É difícil conseguir tempo para tudo; fazer força; subir em escadas; pegar peso; ficar sem dormir. Aos cinquenta não é mais como antigamente. Hoje dói tudo, até onde ninguém sente dor, mas eu sinto.
Meu pé deve ter algo de sinistro, pois vai pra três meses que ele não gosta de subir escadas. Lá na sala Cecília Meireles este reclamou muito. Quase tomou vida própria e gritou: “Como é que pode um degrau menor que eu?!”. É verdade: nunca vi uma escada vertical e com um espaço de degrau menor que o número 36... A cada degrau foi uma reclamação ditada pelo pé esquerdo: “PQP! Não dava para ver a Bachiana Brasileira lá do andar de baixo?!”. Deficiente físico fica relegado a segundo plano. Se eu, com meu pé tão carente de conforto, reclamo de um degrau, imaginem um cadeirante.

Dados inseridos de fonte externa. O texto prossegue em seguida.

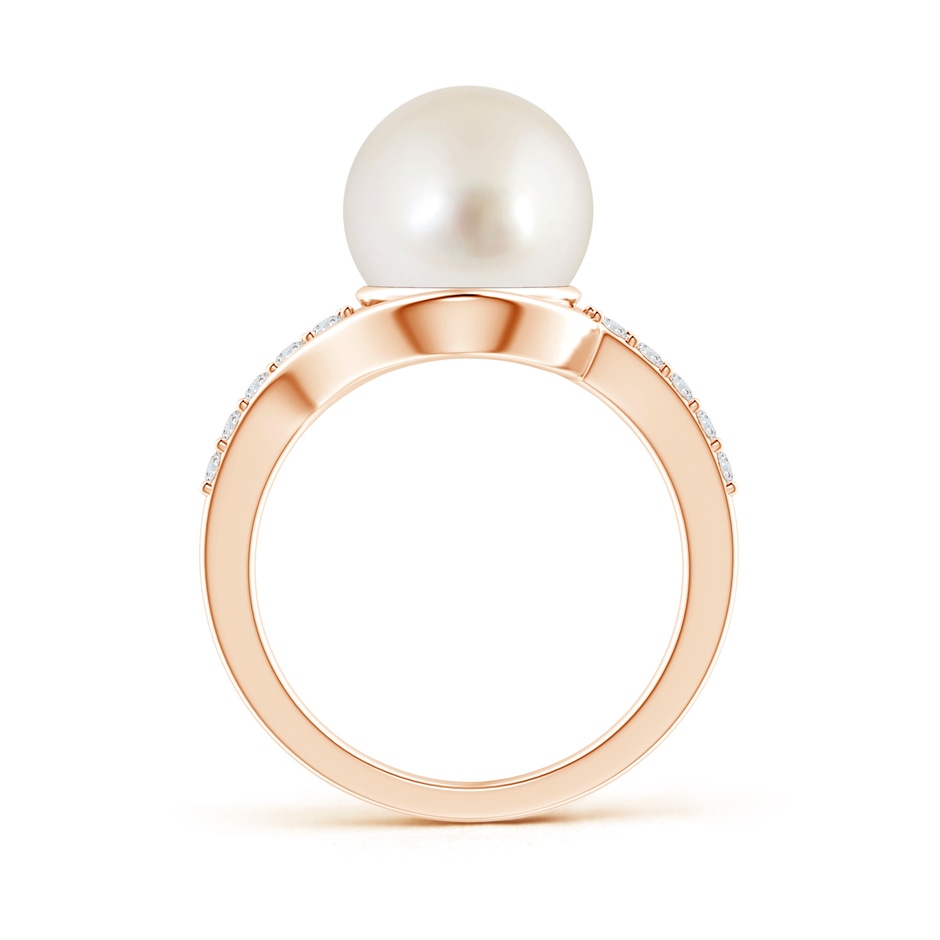 10mm AAAA Solitaire South Sea Pearl Bypass Ring with Diamonds in Rose Gold product image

Meus amigos fizeram de tudo. Paulinho, marido da secreta, é chaveiro dos bons. Ele colocou tantos segredos nas portas que eu vou ter até dificuldade em abri-las. Aldenor, que tem uma inteligência privilegiada, estudava as reformas a serem realizadas. Minha secretária me perturbava com preenchimento de fichas, formulários e não sei mais o quê, a serem entregues na segunda-feira. Se ela não me perturbasse, seria motivo de repreensão, portanto, ela estava sendo o mal necessário...
Carlos, o do ex-Doblo, “só-ria”. Ele é amigo de todo mundo, ri e está sempre positivo o tempo todo, o melhor companheiro, o melhor ajudante, marido de Isabel, “a privilegiada”. O Siena dele deu direitinho para minhas caixas. Parecia que o carro dizia: “Vem, vem!!! Dá mais coisa! Olha aqui este cantinho, que foi feito para a caixa de perfumes do Boticário da doctor. E este vão daqui dá certinho para o ventilador de teto que faz barulho. O foco de luz vai na cabeça dela, mas tudo bem...”.
Aldenor está à procura de melhor emprego. Se eu fosse rica - coisa que não sou - ele seria meu guarda-tudo, até da alma, meu administrador, meu braço direito, junto com minha secretária e seu marido. Carlos procura comprador para o Siena, que seria meu, caso eu também tivesse grana. A secretária Dejê e Paulinho não precisam de nada! Eles são completos, apesar das dificuldades comuns a todos.
Maurício, meu priminho, tirou o dia para relaxar numa piscina. Sei que precisa, mas irei explorá-lo ainda muito! Ele vale uma crônica especial, só pra ele, com direito a lágrimas e tudo mais - um dia...
Eu nem agradeci a ajuda de todos vocês, meus amigos, que irão ler esta crônica, talvez daqui a meses ou anos. Sei que vocês continuarão ao meu lado. Nem sempre estarei ao lado de vocês na mesma proporção, a não ser nas horas onde jamais ninguém poderá estar além de mim.
Aqui deixo o que eu não falei na hora, porque estava preocupada com o bidet:
Vocês são o maior barato, principalmente por deixarem barato aquilo que é muito caro na vida: amizade.